There is a steady flow of good stuff that is worth attention. I realize that I can't read or watch it all. There is just too much. About this time of the week, I get a summary of notable TED talks:
http://fearfunandfiloz.blogspot.com/2017/06/fwd-define-your-fears-as-well-as-your.html This link goes to a copy of the TED talk summary of the week.
I visit the UWSP library every now and then and I can't pass by the New Books shelf without taking a look. Several have gotten my attention that might interest you, too. Whenever you have professional and experienced librarians choosing books for an active library, it seems wise to pause and take advantage of their work and judgment.

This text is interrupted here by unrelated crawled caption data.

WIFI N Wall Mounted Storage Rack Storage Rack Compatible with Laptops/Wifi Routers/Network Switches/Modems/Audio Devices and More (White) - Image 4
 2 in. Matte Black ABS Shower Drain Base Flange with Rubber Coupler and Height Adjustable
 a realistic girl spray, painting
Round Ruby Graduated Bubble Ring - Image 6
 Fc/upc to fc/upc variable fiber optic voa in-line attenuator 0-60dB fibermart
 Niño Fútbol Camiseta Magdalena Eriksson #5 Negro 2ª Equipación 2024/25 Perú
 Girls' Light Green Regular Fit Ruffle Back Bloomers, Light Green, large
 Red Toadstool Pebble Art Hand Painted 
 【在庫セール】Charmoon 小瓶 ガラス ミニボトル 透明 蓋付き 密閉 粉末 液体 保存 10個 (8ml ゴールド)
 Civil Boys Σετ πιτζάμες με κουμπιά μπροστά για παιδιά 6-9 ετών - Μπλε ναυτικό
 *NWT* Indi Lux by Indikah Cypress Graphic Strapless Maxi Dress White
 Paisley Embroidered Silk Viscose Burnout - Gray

Maintenance of the collection is no small task and librarians work at trying to stay aware of the latest worthwhile books and make good selections with limited funds.
"Data for the People" by Andreas Weigend, the former chief data scientist for Amazon, is well-written and interesting. I am reading it now and will probably post some highlights soon. If you follow me on Twitter, I am @olderkirby and I have posted three times about the book.
Other books seem worth mentioning. "The Girl in the Baggage Claim" is an explanation by Gish Jen, an experienced Chinese-American author of the difference in outlook and practice between Western people and Eastern people.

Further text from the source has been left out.